(Beginning of Record excerpts)

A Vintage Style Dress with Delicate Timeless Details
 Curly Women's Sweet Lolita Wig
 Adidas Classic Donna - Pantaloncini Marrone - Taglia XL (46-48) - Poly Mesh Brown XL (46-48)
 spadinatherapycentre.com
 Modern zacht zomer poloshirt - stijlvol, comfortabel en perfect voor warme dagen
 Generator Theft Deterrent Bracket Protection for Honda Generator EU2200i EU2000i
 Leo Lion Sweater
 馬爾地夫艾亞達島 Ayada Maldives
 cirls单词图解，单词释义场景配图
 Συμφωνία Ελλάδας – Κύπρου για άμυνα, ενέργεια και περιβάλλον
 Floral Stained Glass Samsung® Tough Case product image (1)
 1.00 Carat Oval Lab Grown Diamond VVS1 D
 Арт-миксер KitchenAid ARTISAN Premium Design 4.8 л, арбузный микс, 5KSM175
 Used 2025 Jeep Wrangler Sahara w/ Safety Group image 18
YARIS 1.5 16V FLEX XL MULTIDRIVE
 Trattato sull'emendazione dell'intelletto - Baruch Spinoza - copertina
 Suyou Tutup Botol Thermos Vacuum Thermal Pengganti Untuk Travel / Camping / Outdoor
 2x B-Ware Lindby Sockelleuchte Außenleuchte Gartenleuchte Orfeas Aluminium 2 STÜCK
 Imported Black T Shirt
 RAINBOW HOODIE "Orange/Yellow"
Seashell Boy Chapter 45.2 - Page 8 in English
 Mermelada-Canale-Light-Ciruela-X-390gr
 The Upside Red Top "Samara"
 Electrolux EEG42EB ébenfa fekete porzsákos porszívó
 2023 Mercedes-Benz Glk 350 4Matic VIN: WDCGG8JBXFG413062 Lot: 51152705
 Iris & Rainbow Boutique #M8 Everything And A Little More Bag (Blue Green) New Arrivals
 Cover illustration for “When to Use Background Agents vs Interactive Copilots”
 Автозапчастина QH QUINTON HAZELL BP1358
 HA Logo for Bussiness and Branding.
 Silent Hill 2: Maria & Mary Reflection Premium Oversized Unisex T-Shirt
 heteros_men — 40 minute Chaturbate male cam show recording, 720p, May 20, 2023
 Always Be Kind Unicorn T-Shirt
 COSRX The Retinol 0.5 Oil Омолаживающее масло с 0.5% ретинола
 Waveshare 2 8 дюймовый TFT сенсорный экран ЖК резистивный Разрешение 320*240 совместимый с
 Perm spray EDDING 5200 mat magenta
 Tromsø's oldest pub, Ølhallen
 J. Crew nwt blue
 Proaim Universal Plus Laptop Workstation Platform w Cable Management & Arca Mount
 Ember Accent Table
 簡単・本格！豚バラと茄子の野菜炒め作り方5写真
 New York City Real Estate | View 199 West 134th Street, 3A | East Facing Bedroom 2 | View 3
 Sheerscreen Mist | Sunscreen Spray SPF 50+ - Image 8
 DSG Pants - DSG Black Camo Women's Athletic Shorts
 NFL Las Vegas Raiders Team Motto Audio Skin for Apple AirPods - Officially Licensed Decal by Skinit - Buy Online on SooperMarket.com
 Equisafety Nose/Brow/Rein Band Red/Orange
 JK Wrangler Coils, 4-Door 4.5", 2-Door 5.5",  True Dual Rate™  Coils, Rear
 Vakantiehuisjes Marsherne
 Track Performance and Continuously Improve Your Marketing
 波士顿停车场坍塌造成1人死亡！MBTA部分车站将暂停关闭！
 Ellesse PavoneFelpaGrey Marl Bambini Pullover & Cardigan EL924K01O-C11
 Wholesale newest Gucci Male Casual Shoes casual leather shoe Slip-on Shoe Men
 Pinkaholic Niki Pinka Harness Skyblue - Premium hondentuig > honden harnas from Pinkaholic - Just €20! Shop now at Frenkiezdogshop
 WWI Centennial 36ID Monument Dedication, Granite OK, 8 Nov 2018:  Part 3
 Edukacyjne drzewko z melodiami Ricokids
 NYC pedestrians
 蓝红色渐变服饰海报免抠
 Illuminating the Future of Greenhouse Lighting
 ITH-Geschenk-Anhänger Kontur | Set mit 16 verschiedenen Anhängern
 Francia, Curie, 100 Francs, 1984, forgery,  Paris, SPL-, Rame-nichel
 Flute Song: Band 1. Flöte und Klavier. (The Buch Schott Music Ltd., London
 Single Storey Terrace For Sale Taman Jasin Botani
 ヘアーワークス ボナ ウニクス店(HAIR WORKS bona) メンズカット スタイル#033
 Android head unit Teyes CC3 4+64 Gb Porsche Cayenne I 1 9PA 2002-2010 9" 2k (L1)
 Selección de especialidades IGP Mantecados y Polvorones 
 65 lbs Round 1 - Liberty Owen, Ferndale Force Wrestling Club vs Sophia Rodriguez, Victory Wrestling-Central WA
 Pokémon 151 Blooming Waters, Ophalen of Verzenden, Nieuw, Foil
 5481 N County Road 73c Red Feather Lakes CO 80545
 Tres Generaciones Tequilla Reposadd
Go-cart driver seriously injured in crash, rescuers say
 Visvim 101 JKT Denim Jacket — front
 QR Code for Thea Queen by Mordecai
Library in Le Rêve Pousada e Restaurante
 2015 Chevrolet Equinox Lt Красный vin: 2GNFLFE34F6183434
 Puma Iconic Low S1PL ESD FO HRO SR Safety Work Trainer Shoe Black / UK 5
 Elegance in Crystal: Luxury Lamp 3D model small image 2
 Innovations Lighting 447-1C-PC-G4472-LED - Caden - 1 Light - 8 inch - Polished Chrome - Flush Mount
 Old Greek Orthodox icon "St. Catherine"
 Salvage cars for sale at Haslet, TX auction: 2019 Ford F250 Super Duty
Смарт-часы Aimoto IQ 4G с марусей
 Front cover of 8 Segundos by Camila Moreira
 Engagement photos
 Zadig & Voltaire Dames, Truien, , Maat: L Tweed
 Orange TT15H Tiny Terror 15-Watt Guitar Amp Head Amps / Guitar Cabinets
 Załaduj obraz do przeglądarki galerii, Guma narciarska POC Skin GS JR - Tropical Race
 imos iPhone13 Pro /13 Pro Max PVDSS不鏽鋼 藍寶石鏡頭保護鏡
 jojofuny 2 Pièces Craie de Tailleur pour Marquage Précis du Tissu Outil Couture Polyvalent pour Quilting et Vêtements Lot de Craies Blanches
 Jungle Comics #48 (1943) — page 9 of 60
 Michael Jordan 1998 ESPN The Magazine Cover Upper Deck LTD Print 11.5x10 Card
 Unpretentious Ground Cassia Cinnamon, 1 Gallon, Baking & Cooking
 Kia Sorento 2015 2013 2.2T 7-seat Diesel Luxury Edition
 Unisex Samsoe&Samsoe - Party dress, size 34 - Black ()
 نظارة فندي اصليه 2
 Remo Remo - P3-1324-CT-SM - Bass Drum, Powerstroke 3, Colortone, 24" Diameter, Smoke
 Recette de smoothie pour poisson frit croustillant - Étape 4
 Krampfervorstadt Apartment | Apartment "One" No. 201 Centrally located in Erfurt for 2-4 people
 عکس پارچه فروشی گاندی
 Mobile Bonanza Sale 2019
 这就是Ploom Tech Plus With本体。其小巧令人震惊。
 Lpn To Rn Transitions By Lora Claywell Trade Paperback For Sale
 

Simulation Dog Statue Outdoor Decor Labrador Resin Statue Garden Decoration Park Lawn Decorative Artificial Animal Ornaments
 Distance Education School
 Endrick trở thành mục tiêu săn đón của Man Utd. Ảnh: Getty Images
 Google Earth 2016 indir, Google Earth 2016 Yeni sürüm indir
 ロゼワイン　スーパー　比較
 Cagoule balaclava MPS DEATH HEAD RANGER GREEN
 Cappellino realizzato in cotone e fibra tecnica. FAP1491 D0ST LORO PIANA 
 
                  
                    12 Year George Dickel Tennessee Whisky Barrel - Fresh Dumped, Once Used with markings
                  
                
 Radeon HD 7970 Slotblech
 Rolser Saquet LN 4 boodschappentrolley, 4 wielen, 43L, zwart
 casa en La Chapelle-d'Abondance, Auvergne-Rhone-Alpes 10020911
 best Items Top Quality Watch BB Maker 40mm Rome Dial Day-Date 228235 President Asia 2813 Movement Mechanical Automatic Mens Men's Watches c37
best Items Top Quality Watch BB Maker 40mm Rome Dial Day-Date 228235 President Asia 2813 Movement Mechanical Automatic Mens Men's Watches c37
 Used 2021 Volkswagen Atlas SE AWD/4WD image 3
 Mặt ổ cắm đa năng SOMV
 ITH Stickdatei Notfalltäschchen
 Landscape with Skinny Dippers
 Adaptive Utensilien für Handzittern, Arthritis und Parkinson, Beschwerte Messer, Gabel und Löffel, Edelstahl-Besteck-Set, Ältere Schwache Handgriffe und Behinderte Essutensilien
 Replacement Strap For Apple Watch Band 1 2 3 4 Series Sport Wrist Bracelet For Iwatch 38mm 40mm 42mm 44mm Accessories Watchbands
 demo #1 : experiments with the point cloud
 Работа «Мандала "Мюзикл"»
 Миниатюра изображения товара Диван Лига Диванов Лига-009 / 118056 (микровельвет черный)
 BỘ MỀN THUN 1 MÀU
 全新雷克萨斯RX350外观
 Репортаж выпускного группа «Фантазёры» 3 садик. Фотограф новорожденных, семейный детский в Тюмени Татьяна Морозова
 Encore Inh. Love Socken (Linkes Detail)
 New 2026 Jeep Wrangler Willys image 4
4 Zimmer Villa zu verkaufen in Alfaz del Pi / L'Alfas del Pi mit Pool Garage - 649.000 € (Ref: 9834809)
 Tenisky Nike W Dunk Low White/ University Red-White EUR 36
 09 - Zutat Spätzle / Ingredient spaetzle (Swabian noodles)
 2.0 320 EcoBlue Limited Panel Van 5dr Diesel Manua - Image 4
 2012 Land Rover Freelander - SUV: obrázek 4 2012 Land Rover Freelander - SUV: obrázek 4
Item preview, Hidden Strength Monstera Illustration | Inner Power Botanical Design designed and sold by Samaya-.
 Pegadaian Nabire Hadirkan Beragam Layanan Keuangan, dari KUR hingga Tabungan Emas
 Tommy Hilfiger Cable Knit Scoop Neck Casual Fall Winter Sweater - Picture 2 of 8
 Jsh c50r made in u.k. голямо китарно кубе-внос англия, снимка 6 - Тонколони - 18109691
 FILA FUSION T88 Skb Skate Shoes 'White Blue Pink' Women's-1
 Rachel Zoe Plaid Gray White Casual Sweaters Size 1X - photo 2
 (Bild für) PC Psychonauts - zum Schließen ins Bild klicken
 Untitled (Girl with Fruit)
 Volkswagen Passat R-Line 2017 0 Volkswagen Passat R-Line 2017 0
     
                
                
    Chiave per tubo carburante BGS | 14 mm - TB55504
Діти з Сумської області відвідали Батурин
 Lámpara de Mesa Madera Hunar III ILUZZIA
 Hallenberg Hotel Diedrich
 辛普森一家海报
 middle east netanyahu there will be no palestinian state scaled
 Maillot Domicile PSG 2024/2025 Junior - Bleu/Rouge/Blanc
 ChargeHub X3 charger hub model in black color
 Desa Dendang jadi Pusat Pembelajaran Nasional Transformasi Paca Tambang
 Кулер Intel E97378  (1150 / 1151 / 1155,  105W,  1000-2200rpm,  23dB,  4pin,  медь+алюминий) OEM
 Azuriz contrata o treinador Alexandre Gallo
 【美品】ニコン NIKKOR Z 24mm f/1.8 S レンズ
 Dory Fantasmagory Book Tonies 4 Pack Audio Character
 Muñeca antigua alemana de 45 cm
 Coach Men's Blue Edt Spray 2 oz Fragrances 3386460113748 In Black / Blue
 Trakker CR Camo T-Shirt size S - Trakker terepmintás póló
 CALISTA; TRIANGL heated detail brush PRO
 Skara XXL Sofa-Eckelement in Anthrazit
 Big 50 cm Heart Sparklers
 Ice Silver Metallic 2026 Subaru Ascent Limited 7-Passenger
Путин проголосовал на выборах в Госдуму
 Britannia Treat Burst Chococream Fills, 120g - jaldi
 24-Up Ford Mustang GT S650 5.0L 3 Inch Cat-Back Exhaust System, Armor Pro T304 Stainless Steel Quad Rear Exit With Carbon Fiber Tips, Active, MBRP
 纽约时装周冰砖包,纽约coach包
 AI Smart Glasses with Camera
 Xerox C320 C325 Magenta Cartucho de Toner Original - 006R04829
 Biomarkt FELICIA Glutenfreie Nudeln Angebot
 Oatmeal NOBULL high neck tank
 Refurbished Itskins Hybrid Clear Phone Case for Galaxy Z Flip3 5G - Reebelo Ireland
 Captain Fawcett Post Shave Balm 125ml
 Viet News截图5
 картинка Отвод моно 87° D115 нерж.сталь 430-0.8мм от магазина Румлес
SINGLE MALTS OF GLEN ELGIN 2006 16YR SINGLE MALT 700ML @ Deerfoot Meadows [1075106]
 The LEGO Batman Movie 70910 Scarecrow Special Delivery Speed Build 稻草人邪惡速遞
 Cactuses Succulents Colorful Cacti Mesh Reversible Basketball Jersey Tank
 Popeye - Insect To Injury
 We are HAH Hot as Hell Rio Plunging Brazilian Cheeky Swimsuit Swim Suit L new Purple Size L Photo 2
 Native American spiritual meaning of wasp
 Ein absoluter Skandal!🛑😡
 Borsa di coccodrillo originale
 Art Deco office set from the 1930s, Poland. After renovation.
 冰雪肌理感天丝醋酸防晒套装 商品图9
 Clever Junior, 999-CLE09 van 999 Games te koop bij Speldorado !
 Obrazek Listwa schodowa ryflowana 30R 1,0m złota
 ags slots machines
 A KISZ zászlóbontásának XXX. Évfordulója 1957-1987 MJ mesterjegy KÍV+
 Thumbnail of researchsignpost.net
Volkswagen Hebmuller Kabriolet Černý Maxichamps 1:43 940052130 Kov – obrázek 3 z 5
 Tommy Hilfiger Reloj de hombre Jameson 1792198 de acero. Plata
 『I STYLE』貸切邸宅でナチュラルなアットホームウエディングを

(End of Record excerpts)

> _Your assignment_: Starting at the line in the records above that contains "Viet News截图5", output every line up to and including the last one, with nothing added.

> _Output below_:
 Viet News截图5
 картинка Отвод моно 87° D115 нерж.сталь 430-0.8мм от магазина Румлес
SINGLE MALTS OF GLEN ELGIN 2006 16YR SINGLE MALT 700ML @ Deerfoot Meadows [1075106]
 The LEGO Batman Movie 70910 Scarecrow Special Delivery Speed Build 稻草人邪惡速遞
 Cactuses Succulents Colorful Cacti Mesh Reversible Basketball Jersey Tank
 Popeye - Insect To Injury
 We are HAH Hot as Hell Rio Plunging Brazilian Cheeky Swimsuit Swim Suit L new Purple Size L Photo 2
 Native American spiritual meaning of wasp
 Ein absoluter Skandal!🛑😡
 Borsa di coccodrillo originale
 Art Deco office set from the 1930s, Poland. After renovation.
 冰雪肌理感天丝醋酸防晒套装 商品图9
 Clever Junior, 999-CLE09 van 999 Games te koop bij Speldorado !
 Obrazek Listwa schodowa ryflowana 30R 1,0m złota
 ags slots machines
 A KISZ zászlóbontásának XXX. Évfordulója 1957-1987 MJ mesterjegy KÍV+
 Thumbnail of researchsignpost.net
Volkswagen Hebmuller Kabriolet Černý Maxichamps 1:43 940052130 Kov – obrázek 3 z 5
 Tommy Hilfiger Reloj de hombre Jameson 1792198 de acero. Plata
 『I STYLE』貸切邸宅でナチュラルなアットホームウエディングを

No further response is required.